▶ **What needs to be done**:
Your answer must be only the lines below from the one containing "Disney 100 L'Amitié c'est Merveilleux" through the one containing "Apartamento T2 para", copied exactly, with the pictures left out.

▶ **Entries provided**:
Start of Block

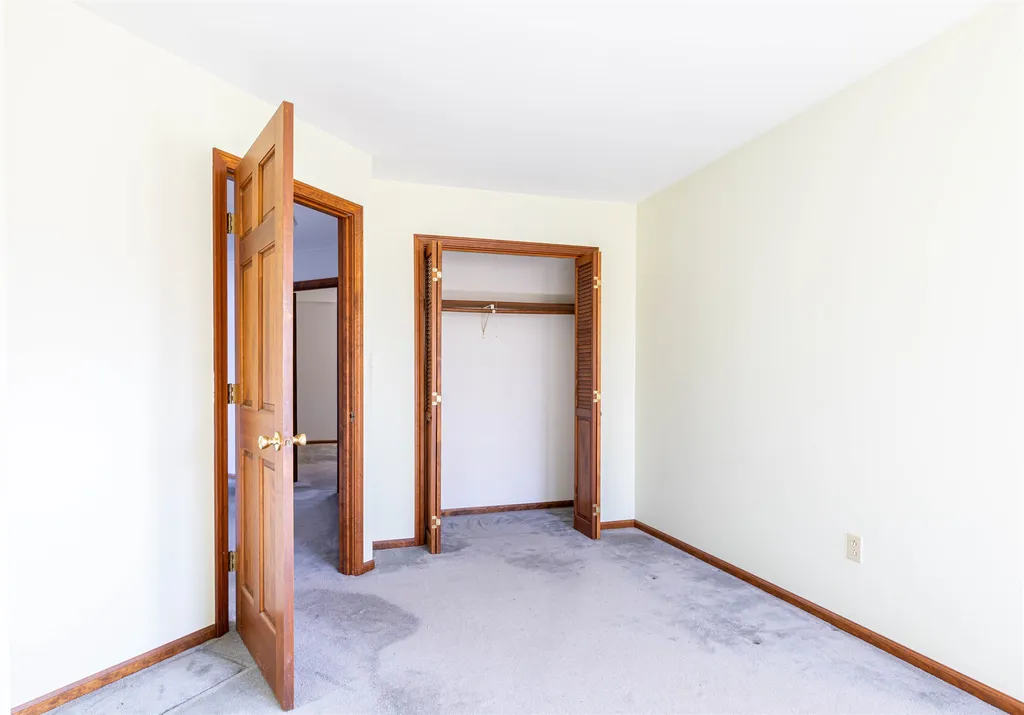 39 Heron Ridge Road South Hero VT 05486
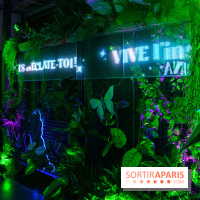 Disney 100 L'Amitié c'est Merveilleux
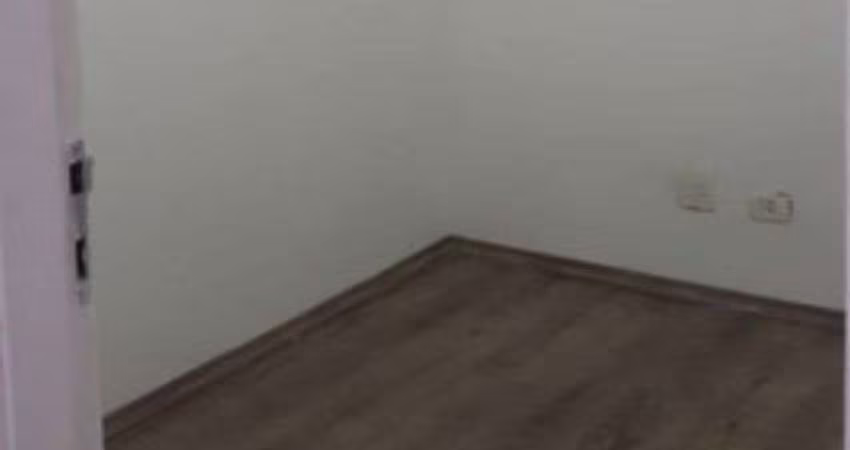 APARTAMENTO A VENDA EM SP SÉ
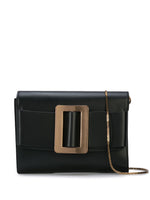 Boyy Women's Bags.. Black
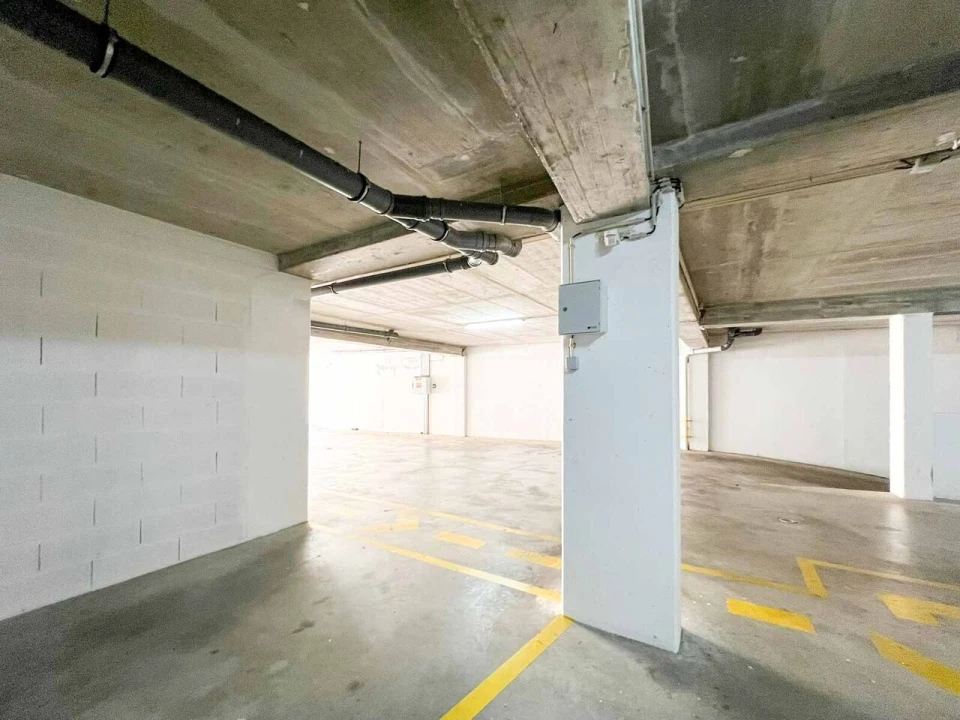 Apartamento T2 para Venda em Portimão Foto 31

End of Block
Start of Block

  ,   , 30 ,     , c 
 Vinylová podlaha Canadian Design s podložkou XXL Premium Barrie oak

End of Block
Start of Block

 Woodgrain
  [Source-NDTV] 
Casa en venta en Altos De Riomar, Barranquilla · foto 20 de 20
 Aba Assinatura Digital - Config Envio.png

End of Block

▶ **Worked solution**:
 Disney 100 L'Amitié c'est Merveilleux
 APARTAMENTO A VENDA EM SP SÉ
 Boyy Women's Bags.. Black
 Apartamento T2 para Venda em Portimão Foto 31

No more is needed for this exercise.